帅 永,赵 斌,2,蒋东方,何锁盈,吕俊复,岳光溪
(1.哈尔滨工业大学能源科学与工程学院,黑龙江 哈尔滨 150001; 2.长沙理工大学能源与动力工程学院,湖南 长沙 410114; 3.国网能源研究院有限公司,北京 102209;4.山东大学能源与动力工程学院,山东 济南 250061; 5.清华大学能源与动力工程系,北京 100084)
中国“富煤、贫油、缺气”,煤炭是中国经济社会发展的主体能源,一次能源消费中煤炭消费占比超过了50%,而煤炭消费中约70%用于发电[1]。自《巴黎协定》提出后,气候问题逐渐成为世界关注的焦点,中国低碳发展与能源安全面临重大挑战,燃煤发电已成为煤炭消费革命与节能减排的核心。
为应对气候变化,保障中国能源安全,力争2030年前实现碳达峰,2060年前实现“碳中和”(简称“30·60”双碳目标),煤炭从主体能源逐步向基础能源和调峰能源转变。

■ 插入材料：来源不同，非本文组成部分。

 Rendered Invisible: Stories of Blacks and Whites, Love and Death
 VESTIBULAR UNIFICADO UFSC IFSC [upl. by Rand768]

煤电机组的升级改造向清洁化、低碳化方向发展,煤电亦需为新能源发电消纳提供安全基础保障。据统计,截至2020年 11月底,全国太阳能、风电总装机已达4.7亿kW,约占全国发电机容量的22%[2]。但气候变化特别是极端气候的出现对于新能源发电的影响极大,因此保证极端气候下的安全供电是新型电力系统的重要技术难题,而煤电将为可再生能源发电消纳提供灵活性调峰保障。

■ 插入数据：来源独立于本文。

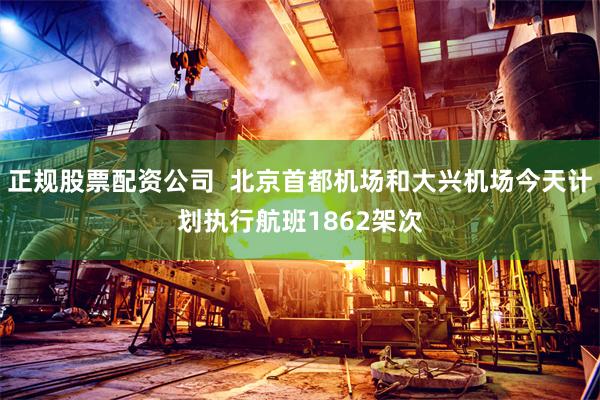 正规股票配资公司  北京首都机场和大兴机场今天计划执行航班1862架次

本文围绕燃煤高效清洁发电技术进行综述,从中国燃煤发电技术发展现状出发,分析了当前的洁净煤发电技术,对其中大型高参数机组超超临界发电、循环流化床燃烧、碳汇和碳捕集、利用与封存(carbon capture, utilization and storage,CCUS)的现状及关键技术进行了梳理,介绍了燃煤发电机组灵活性技术和生物质燃料掺烧技术,探讨了基于煤电机组耦合超临界CO2布雷顿循环发电和耦合太阳能热发电的可行性,展望了煤电机组的清洁高效发展阶段,为未来电力行业实现“近零”排放提供参考。

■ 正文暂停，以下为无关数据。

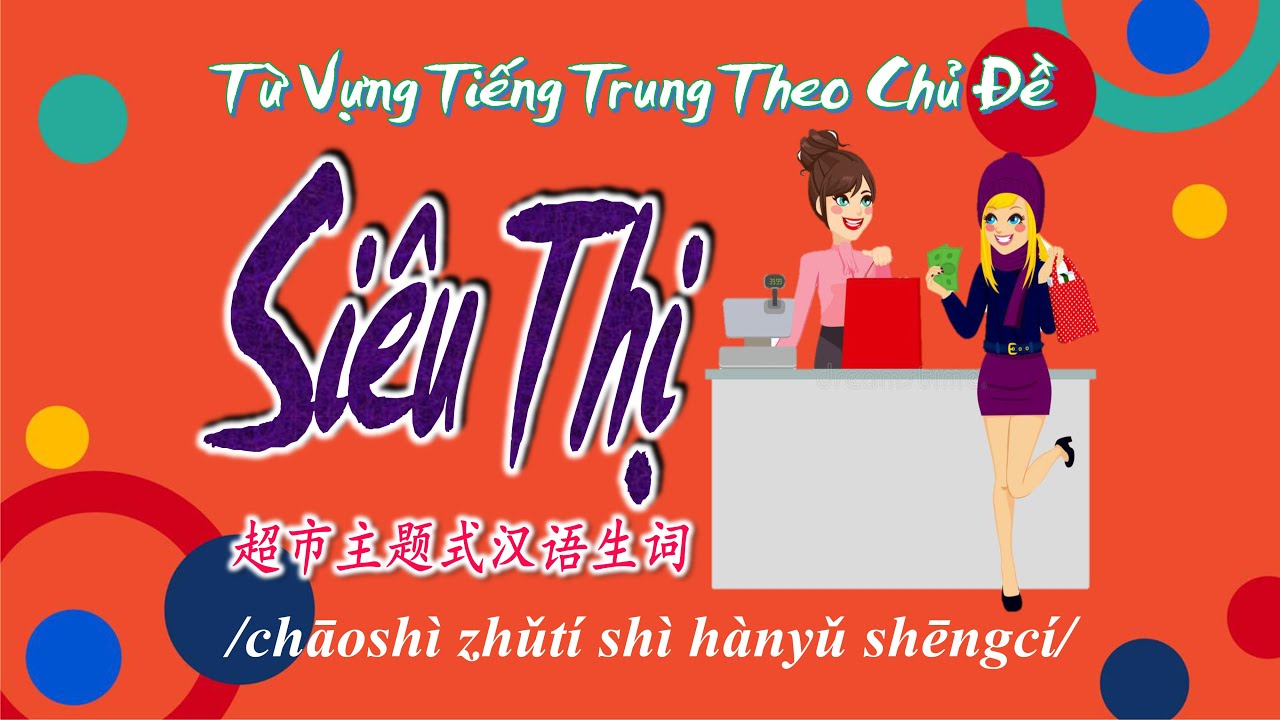 Học Tiếng Trung Theo Chủ Đề | Siêu Thị | HVTG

2019年中国发电装机容量如图1所示[1]。火电装机容量为118957万kW,约占发电装机容量的59.22%,发电量为52201.5亿kW·h,约占全年发电量的70%。近年来,新能源装机容量不断攀升,2018—2020年火电、风电和光伏发电装机增量如 图2所示[1]。火电装机容量增速放缓,截至2021年,中国火电装机容量占比55.90%,其中煤电装机已低于50%。《关于完整准确全面贯彻新发展理念做好碳达峰碳中和工作的意见》提出,到2030年,非化石能源消费比重达25%左右,太阳能发电和风电总装机容量达12亿kW以上,到2060年,非化石能源消费比重达80%以上。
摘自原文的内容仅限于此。